Um Wahrnehmung und Wirklichkeit und ihre Differenz geht es in Jan Schomburgs Debütroman „Das Licht und die Geräusche“. Um die Macht von Suggestion und Manipulation. Und um die Rolle, die die Sprache und soziale Gruppen dabei spielen.

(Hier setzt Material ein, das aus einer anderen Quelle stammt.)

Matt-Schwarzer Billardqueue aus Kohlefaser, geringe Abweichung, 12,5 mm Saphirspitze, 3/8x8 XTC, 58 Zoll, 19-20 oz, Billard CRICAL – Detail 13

Jan Schomburg ist gelernter Drehbuchschreiber und damit Profi in den Disziplinen Figurenentwicklung, Szenenaufbau und Dramaturgie. Er deutet durch Binnen-Erzählungen auf künftige Schicksalsschläge voraus. Setzt geschickt Schnitte und Rückblenden als Handlungsverzögerung ein, um Spannung zu erhöhen. Und lenkt mit Filmtricks wie Kamerafahrten gezielt die Wahrnehmung des Lesers. Als Film-Magier setzt Schomburg in seinem Roman-Debüt auf einen Zaubertrick mit doppeltem Boden. Mit dem der Autor seine Romanfiguren und seine Leser gleichzeitig aufs Glatteis führt. Merkwürdig ist nur: Schomburgs psychologisch scharf gezeichnete Figuren bleiben trotz allem ohne wirkliche emotionale Überzeugungskraft. Die handelnden Personen wirken wie ferngesteuerte Schachfiguren. Auch Johanna. Aber vielleicht soll ja genau dieser Eindruck entstehen. Und vielleicht ist es ja auch kein Zufall, dass der Leser erst am Ende der Geschichte den Namen der Ich-Erzählerin erfährt. Johanna hat ein Stück neuer Identität gewonnen.

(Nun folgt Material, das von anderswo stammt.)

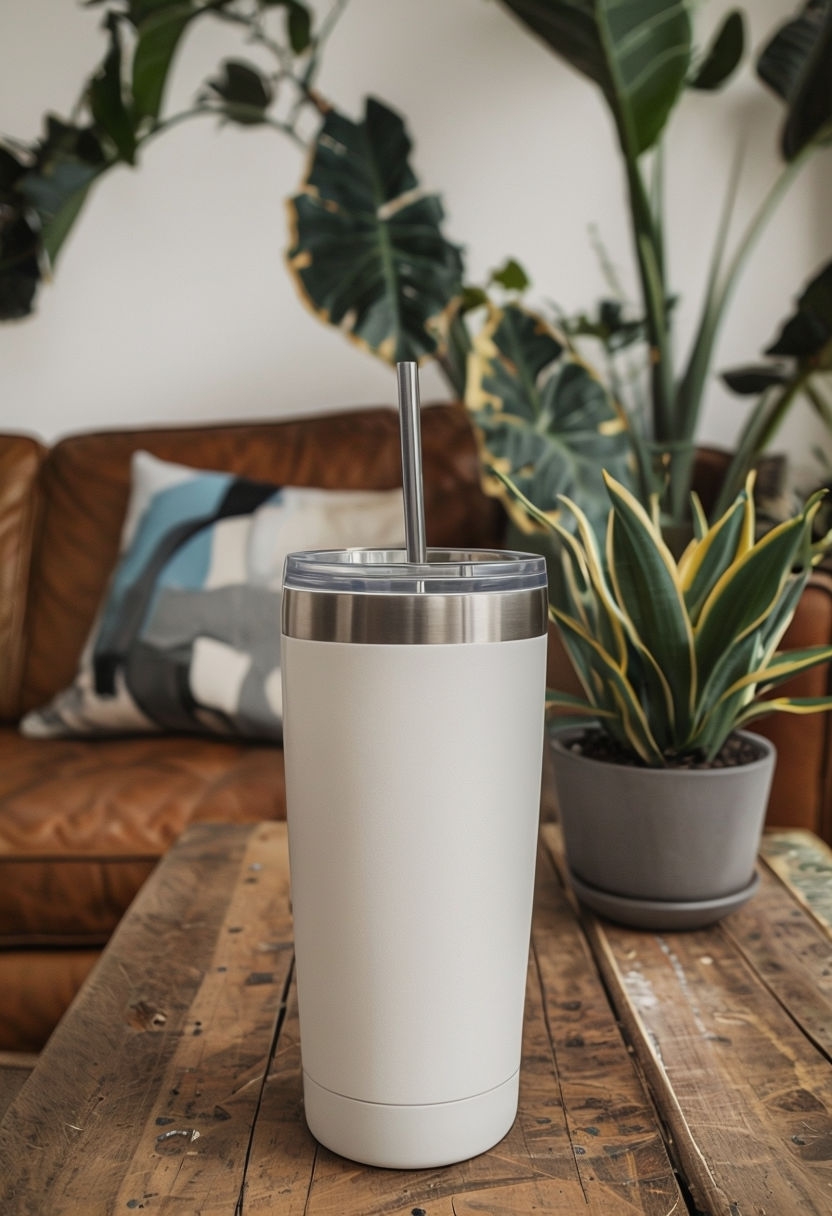 Close-Up Cozy Tumbler Photo with Rustic Decor Mockup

Jan Schomburg nimmt in „Das Licht und die Geräusche“ die große Sensibilität junger Erwachsener in den Blick; besonders für die Unstimmigkeiten zwischen Wahrnehmung und Wirklichkeit. Er zeigt aber auch ihre hohe Anfälligkeit für Täuschungen. Jan Schomburgs „Das Licht und die Geräusche“ ist ein Entwicklungsroman, der gleichzeitig demonstriert, wovon er spricht. Genau das macht Schomburgs Debüt so verführerisch.